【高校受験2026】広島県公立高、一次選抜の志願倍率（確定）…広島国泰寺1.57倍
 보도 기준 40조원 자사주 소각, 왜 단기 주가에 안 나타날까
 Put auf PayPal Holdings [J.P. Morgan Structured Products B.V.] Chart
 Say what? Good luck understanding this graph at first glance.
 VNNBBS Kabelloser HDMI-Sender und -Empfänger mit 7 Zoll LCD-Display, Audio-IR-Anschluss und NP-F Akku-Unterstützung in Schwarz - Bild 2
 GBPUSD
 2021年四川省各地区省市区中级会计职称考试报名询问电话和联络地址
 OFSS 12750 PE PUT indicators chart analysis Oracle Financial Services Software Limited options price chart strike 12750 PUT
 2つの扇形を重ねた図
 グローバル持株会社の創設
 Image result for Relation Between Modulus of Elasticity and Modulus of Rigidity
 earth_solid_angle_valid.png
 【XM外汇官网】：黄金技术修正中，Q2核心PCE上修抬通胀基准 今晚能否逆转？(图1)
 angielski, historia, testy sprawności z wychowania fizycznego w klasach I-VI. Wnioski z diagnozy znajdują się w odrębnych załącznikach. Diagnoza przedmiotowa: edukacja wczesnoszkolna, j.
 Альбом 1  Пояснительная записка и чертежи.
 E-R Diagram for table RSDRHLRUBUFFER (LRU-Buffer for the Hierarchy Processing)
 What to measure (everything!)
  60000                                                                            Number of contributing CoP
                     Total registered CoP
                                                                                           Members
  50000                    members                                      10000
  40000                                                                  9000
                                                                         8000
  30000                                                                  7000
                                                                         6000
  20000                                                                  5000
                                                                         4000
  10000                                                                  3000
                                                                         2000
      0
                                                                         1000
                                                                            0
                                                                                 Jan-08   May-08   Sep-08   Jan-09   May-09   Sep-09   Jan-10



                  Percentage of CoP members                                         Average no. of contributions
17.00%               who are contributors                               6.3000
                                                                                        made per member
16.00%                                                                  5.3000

============================================================

## What needs to be done
Lines from the top of the data above through the line with "2021年四川省各地区省市区中级会计职称考试报名询问电话和联络地址", both ends included: copy them exactly, nothing more.

## Output for this exercise
【高校受験2026】広島県公立高、一次選抜の志願倍率（確定）…広島国泰寺1.57倍
 보도 기준 40조원 자사주 소각, 왜 단기 주가에 안 나타날까
 Put auf PayPal Holdings [J.P. Morgan Structured Products B.V.] Chart
 Say what? Good luck understanding this graph at first glance.
 VNNBBS Kabelloser HDMI-Sender und -Empfänger mit 7 Zoll LCD-Display, Audio-IR-Anschluss und NP-F Akku-Unterstützung in Schwarz - Bild 2
 GBPUSD
 2021年四川省各地区省市区中级会计职称考试报名询问电话和联络地址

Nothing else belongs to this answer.